In my first look we covered what the Blue Force Gear Saw Pouch was made from. If you haven’t read that I suggest checking it out here. Today, I’m doing a pure performance review. The SAW pouch by Blue Force Gear is a big pouch. You can squeeze a wide variety of different pieces of gear into it. Ammo, magazines, food, water, all have a place in the pouch. A long time ago I served as a machine gunner in the USMC. I carried a beloved M240 and a M249 SAW during my first pump, and the M240 during my second. In that time I used a hodgepodge of SAW pouches to carry ammo. I still have two of these old pouches, and while they worked alright, they were far from perfect.
Problems with Pouches
First of all they weren’t water resistant, and there wasn’t a standard size. One fit a 200 round SAW drum or a 100 round belt of 7.62 NATO perfectly. The other could fit one 100 round cloth pouch, and about seventy rounds of 7.62. This lead to me being imaginative in carrying my ammo. I even utilized cloth bandoleers, as seen here.

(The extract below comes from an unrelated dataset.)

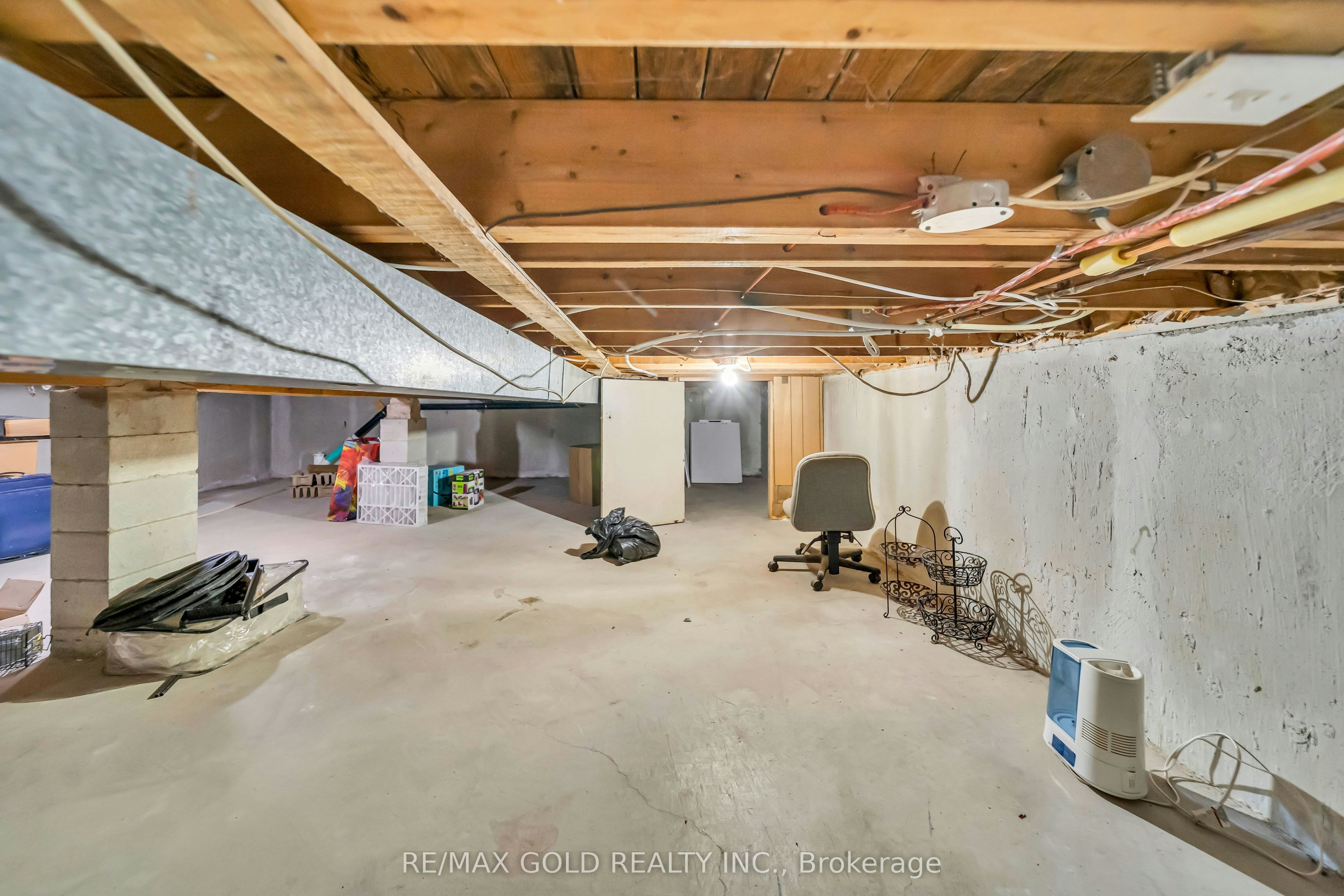 Basement-70 Glenmore Crescent, Brampton, ON, L6S 1H8 - 16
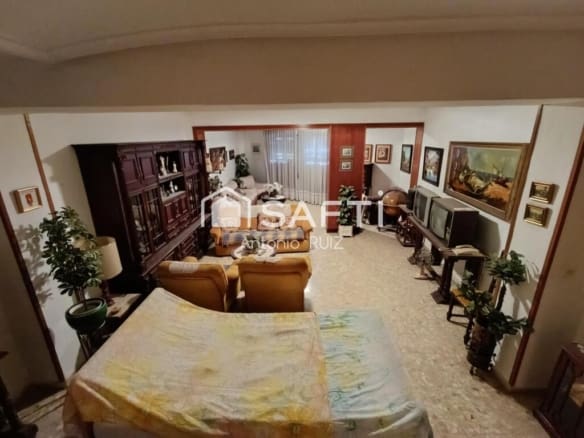 Adosada Jodar - 1227123-04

Another issue is that it went flat as soon as the ammo was removed. When using the SAW we had a general rule that the disposable plastic drums were packed out. The idea that they could be used as bait for an IED clung to us. So when I had to reload in the middle of a gunfight I’d throw a new one on the gun and drop the plastic one. This kept me in the fight and made reloading quicker.
However, when it came time to move I had to grab the drum, move, drop the drum, and resume fighting. Alternatively, I had to move, carry the gun, and try to put the drum back into the pouch with one hand. Neither option was optimum. When I carried the M240 the larger ammunition and lack of drums meant I carried a 50 round ‘starter’ belt. That wouldn’t last long in a fight, so reloading was important.
Enter the Blue Force Gear Saw Pouch
The 100 round belt in my pouches didn’t fill the pouch, so it closed part of the way, so I would have had to wrestle it out and try my fastest to reload. The Blue Force Gear SAW pouch doesn’t have that problem. It stays opened unless pressed and held flat. Putting a drum back in, or pulling a belt of ammo out would be a helluva lot easier.
Nice and Wide
Unfortunately these days I don’t carry a belt fed weapon, and neither do most of us. What purpose would the Blue Force Gear pouch serve us? First and foremost it’s perfect to extend a pack, make it bigger, better, and more accessible. You can fit a day trips worth of chow and a few bottles of water in it easily. This keeps everything accessible and easy to find. This is a really big pouch, so you can do a lot with it.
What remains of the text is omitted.